1) Make sure you're squatting properly. I mean this in the least offensive way possible, but if you're using a medicine ball to squat, you're probably not doing it right -- just an observation from the unlimited supply of bad squats I've seen in my life. Whatever squat variation you use, you should be getting your hips below your knees at the bottom of the movement, while keeping your weight on your heels and your back in proper extension. If you use a medicine ball, kettlebell or dumbbell at your chest, hold the weight right up against your chest. The further away you have the weight, the more it messes things up and decreases productivity with the lift. Even better than a medicine ball (or similar style weight) would be barbell back squats, which engage the posterior chain a lot more (because you have to sit back more to keep the weight over your heels which increases movement and contraction in the glutes and hamstrings) and allow the heaviest load you can do through a full range of motion squat. You won't use full ROM when jumping - it's impractical to do so - but the full depth squat will give the most bang for your training buck when it comes to squats.
2.1) As others have said, deadlift. A conventional deadlift is the single heaviest freeweight exercise a person of average skeletal proportions can perform, and it uses your posterior chain even more than the squat. It's worth mentioning that posterior chain strength and power is one of the most important things for building a good jump, other than actually jumping of course.

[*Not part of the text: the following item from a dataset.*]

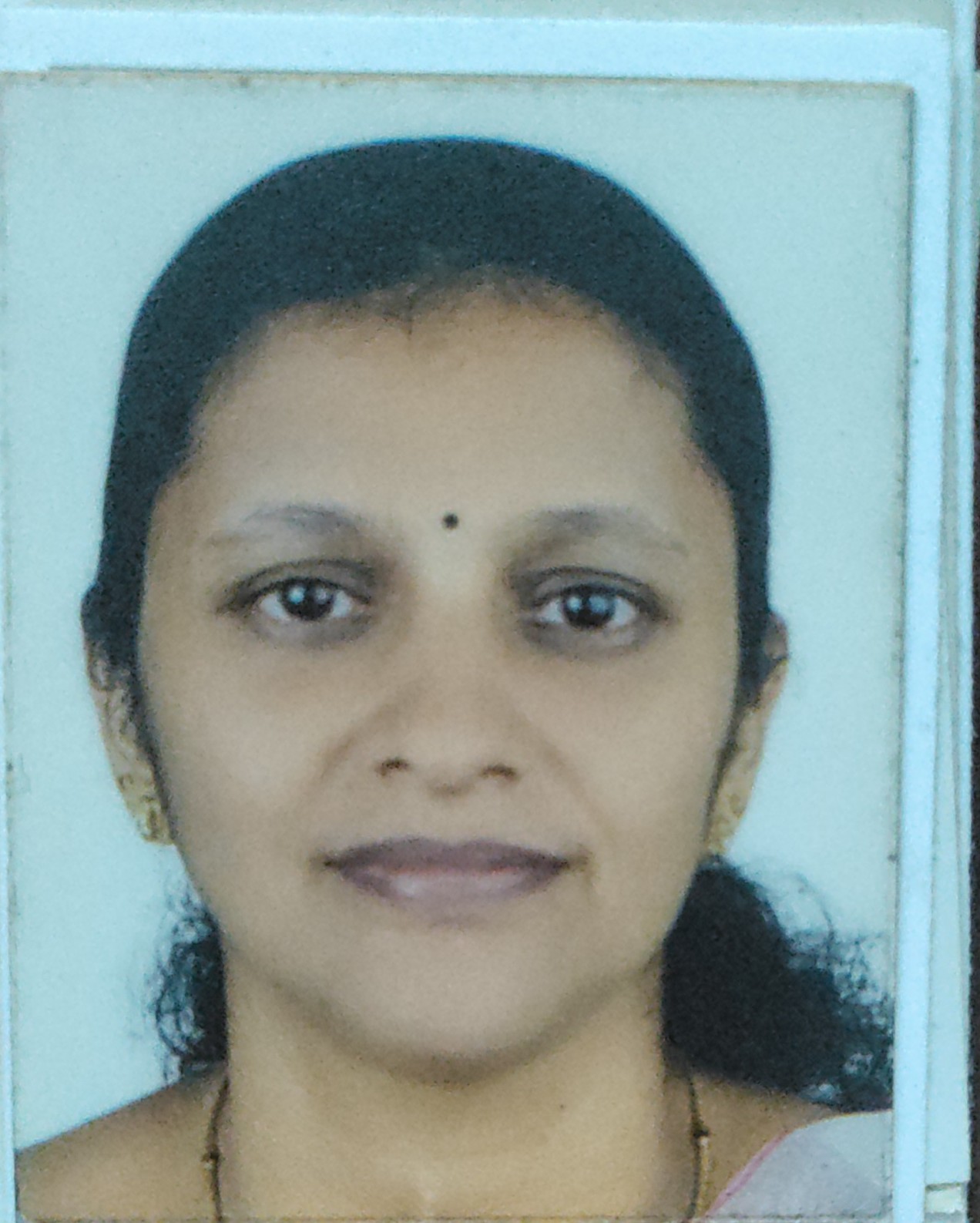 Sree Sankara College faculty - Sumi Mary George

2.2) Do deadlifts for both max effort (heavy sets of 1-5 reps, but only as heavy as you can do with good form) and dynamic effort (lots of fast sets at 1-5 reps at ~half the weight you'd use for max effort) to get the best effect. Other dynamic lifts that take on a similar form to deadlifts and are worth doing include jump shrugs and clean pulls. Olympic style weightlifting is very beneficial to vertical jumps, and plenty of Oly lifters can jump very high because of their training, but you don't need to learn to actually clean or snatch a bar. It's really the explosive second pull in weightlifting (which is the fast part of the lift pulling the bar from the mid-thighs and up until the arms unlock) that contributes most to vertical jump strength in this instance.
3) Obviously, practice vertical jumps.